▸ Collected data
════════
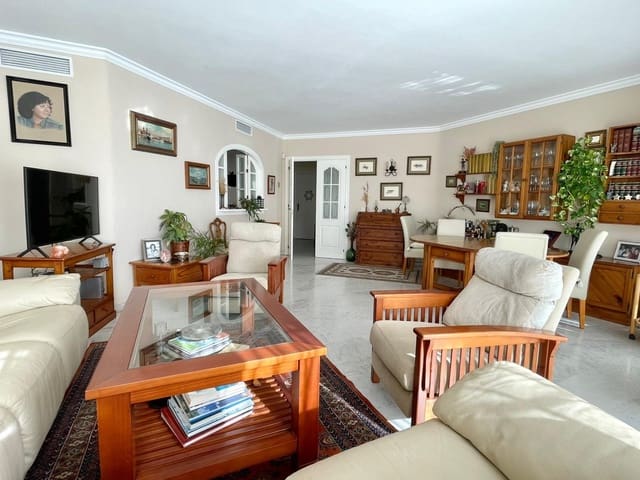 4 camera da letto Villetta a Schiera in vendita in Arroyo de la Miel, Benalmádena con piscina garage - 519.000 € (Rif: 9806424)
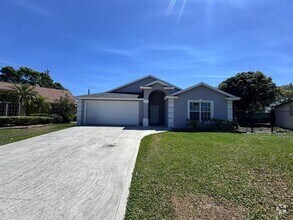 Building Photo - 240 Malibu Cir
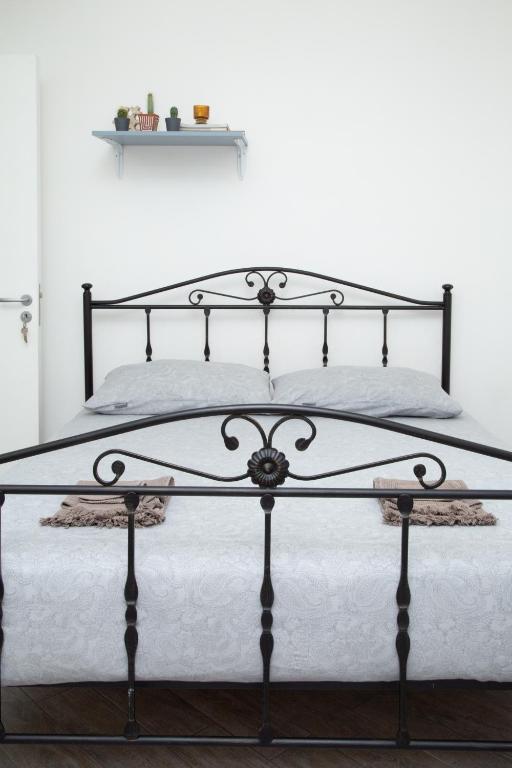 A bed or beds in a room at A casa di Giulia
════════
▸ What needs to be done
Output the material word for word, omitting its pictures.

▸ Answer space
 4 camera da letto Villetta a Schiera in vendita in Arroyo de la Miel, Benalmádena con piscina garage - 519.000 € (Rif: 9806424)
 Building Photo - 240 Malibu Cir
 A bed or beds in a room at A casa di Giulia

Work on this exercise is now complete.